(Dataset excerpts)
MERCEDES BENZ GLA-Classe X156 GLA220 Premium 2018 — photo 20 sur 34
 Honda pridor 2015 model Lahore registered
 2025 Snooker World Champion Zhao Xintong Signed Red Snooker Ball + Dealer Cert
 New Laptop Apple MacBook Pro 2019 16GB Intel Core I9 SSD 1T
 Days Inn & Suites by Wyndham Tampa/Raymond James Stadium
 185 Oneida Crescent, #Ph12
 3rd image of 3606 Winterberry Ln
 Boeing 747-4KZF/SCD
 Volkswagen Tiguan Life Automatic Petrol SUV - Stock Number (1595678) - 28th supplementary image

**Your assignment**
Your reply should be nothing but the lines from the one containing "2025 Snooker World" through the last line above, copied exactly; please include both ends.

**Expected output**
 2025 Snooker World Champion Zhao Xintong Signed Red Snooker Ball + Dealer Cert
 New Laptop Apple MacBook Pro 2019 16GB Intel Core I9 SSD 1T
 Days Inn & Suites by Wyndham Tampa/Raymond James Stadium
 185 Oneida Crescent, #Ph12
 3rd image of 3606 Winterberry Ln
 Boeing 747-4KZF/SCD
 Volkswagen Tiguan Life Automatic Petrol SUV - Stock Number (1595678) - 28th supplementary image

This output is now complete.